- _Input_:
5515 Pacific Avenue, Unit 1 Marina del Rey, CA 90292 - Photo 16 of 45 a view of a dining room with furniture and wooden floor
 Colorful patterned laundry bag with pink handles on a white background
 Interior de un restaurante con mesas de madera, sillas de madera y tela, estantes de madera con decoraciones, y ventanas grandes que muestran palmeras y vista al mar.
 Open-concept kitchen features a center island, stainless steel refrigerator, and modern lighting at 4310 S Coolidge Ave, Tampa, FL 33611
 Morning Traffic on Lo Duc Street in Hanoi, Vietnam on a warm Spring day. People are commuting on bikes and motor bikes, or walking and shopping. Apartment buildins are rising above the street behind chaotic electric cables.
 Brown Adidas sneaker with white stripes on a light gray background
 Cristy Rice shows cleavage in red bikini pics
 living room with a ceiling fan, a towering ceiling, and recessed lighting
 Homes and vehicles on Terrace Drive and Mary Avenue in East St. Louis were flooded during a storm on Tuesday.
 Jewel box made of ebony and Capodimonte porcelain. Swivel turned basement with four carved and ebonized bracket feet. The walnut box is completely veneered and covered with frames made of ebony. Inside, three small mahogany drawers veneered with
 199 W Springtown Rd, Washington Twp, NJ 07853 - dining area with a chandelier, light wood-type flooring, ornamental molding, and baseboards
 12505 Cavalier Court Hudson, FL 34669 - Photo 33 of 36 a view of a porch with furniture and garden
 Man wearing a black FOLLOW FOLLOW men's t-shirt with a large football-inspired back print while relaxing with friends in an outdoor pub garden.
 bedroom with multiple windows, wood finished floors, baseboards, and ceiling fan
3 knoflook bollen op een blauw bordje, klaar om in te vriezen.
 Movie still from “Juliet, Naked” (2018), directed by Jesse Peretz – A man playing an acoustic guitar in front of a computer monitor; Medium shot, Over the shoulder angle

- _About this exercise_:
Within the material above, output exactly the lines from the one with "Jewel box made" through the one with "Man wearing a", end lines included, and nothing besides.

- _Your response_:
 Jewel box made of ebony and Capodimonte porcelain. Swivel turned basement with four carved and ebonized bracket feet. The walnut box is completely veneered and covered with frames made of ebony. Inside, three small mahogany drawers veneered with
 199 W Springtown Rd, Washington Twp, NJ 07853 - dining area with a chandelier, light wood-type flooring, ornamental molding, and baseboards
 12505 Cavalier Court Hudson, FL 34669 - Photo 33 of 36 a view of a porch with furniture and garden
 Man wearing a black FOLLOW FOLLOW men's t-shirt with a large football-inspired back print while relaxing with friends in an outdoor pub garden.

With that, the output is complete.